◆ Exercise goal:
Exact copy, no pictures: return only the lines below from the line with "Countryside With Wooden" up to and including the line with "Donna bionda sorridente".

◆ Record excerpts:
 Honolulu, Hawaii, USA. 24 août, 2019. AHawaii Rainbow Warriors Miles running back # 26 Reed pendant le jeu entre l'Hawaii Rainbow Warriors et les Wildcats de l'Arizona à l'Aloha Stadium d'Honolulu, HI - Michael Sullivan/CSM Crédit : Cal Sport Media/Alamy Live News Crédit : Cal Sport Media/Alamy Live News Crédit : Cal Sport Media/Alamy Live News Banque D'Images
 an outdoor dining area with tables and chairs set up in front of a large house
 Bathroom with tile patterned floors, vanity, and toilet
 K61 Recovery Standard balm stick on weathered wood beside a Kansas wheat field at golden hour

---

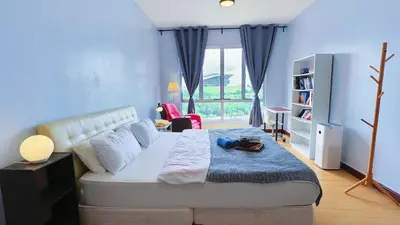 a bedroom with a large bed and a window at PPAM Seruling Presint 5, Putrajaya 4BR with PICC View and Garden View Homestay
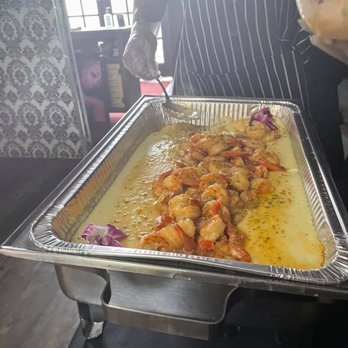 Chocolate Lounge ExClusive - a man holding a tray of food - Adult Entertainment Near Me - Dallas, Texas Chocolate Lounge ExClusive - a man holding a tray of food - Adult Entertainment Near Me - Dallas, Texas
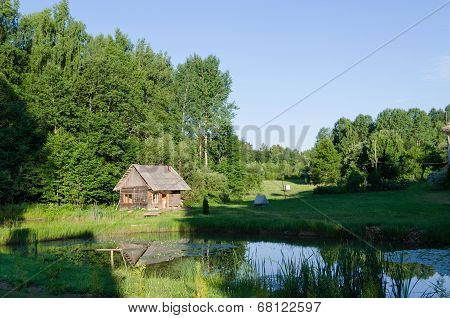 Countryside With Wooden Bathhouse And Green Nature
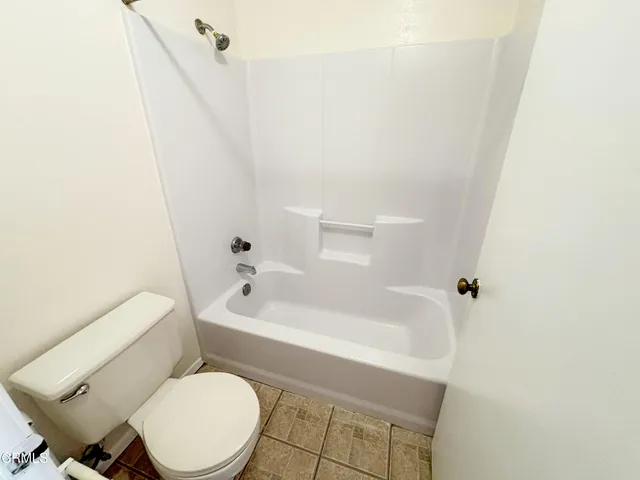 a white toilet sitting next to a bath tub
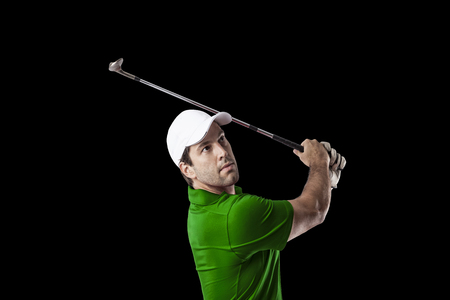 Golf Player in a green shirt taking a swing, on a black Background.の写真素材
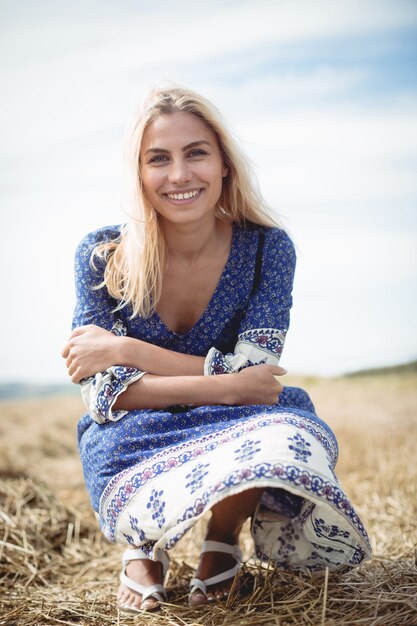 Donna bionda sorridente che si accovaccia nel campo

◆ Solution to this task:
 Countryside With Wooden Bathhouse And Green Nature
 a white toilet sitting next to a bath tub
 Golf Player in a green shirt taking a swing, on a black Background.の写真素材
 Donna bionda sorridente che si accovaccia nel campo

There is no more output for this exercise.